Updated: July 23, 2014 6:41AM
I called 911.
It was rush hour on Tuesday on Lake Shore Drive.
I’d just rounded the curve, northbound, by Oak Street Beach and noticed a heavy presence of Chicago Police officers on bikes and in cars. And, if I’m not mistaken, on ATVs.
The beach was throbbing with people on this warm summer day.
Then, all of a sudden, I saw a pack of young people racing into traffic.
Against the backdrop of flashing CPD blue lights by the North Avenue Beach house, I’d estimate 20 to 30 young men and women were running through the North Avenue/La Salle exit.
Remember, this was rush hour.
Traffic was slower than normal but moving. Motorists on the Drive are not prepared for a wilding of young people weaving on foot in between their vehicles.
But there they were. Running across the northbound lanes. Jumping the barrier. Zigzagging in front of cars in the southbound lanes. And sprinting into the park.
My first instinct was to call the cops. The second was to call my news desk. And that’s what I did and in that order. Who wants to see a kid killed in traffic?
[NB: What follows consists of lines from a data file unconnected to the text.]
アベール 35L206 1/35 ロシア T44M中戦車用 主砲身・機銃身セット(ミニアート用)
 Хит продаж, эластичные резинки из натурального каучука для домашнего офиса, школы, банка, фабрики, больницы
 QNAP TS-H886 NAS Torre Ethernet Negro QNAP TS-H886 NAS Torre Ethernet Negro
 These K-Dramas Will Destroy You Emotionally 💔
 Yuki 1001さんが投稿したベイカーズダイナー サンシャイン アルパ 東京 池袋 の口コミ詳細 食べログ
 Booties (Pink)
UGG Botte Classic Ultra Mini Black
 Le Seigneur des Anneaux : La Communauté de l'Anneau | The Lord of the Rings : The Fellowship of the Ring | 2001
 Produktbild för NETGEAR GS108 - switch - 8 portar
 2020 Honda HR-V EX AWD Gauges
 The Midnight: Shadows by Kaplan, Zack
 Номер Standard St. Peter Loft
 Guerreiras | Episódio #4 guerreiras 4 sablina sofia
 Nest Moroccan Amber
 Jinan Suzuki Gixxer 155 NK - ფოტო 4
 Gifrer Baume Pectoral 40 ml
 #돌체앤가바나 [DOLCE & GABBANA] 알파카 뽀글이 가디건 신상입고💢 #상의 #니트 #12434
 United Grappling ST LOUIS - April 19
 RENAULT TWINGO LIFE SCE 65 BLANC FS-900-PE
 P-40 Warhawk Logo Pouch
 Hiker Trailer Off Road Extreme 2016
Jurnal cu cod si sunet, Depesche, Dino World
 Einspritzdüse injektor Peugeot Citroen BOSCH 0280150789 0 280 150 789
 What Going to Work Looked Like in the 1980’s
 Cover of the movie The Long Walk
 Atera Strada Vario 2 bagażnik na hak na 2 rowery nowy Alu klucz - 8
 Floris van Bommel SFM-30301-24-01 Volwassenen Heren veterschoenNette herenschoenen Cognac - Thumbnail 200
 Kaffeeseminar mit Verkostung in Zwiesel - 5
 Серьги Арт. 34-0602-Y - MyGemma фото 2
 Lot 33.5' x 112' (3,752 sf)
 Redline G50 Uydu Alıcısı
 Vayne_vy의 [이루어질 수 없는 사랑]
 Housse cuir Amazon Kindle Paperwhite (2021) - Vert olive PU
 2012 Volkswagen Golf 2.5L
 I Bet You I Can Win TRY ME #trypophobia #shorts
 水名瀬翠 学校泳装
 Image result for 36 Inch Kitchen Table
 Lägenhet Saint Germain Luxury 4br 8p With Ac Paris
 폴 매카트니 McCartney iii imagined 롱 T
Or a motorist terrorized by a kid running through traffic?
The 911 officer who answered asked for a specific description of the people I saw. Were they white, Hispanic or African American?
They were African American, I told her.
I asked myself, does race matter in this?
As a description, I think it does.
However, downtown and out on the beach, police are dealing with all kinds of racial and ethnic descriptions. Drunk white suburban kids. Black kids. And Hispanic youth. All who make their way to Oak Street and North Avenue, and often in large groups.
The description matters less than the problem of “wildings” or “flash mobs” creating a real problem that the city works hard to combat.
This particular incident was in the 18th Police District of the 43rd Ward. The alderman is Michele Smith, who makes it a practice to walk along the beach and see for herself what’s going on.
She checked and told me there were no criminal incidents connected to what I’d witnessed. The crowd had apparently quickly dispersed. And yet, I wondered, what can a city do to effectively anticipate and stop disruptions like this? Especially when they escalate beyond mere disruptions?
This month Police Supt. Garry McCarthy, acknowledging the wildings, said CPD has a strategy to deal with them akin to how it dealt with NATO protesters not long ago. The strategy is to “escort” these mobs — tail them — and attempt to ensure they cause no harm. And arrest them if they do.
CPD has an almost impossible job.
They need everybody’s eyes and ears.
Downtown and in the neighborhoods.
And rejoice if it turns out to be nothing serious at all.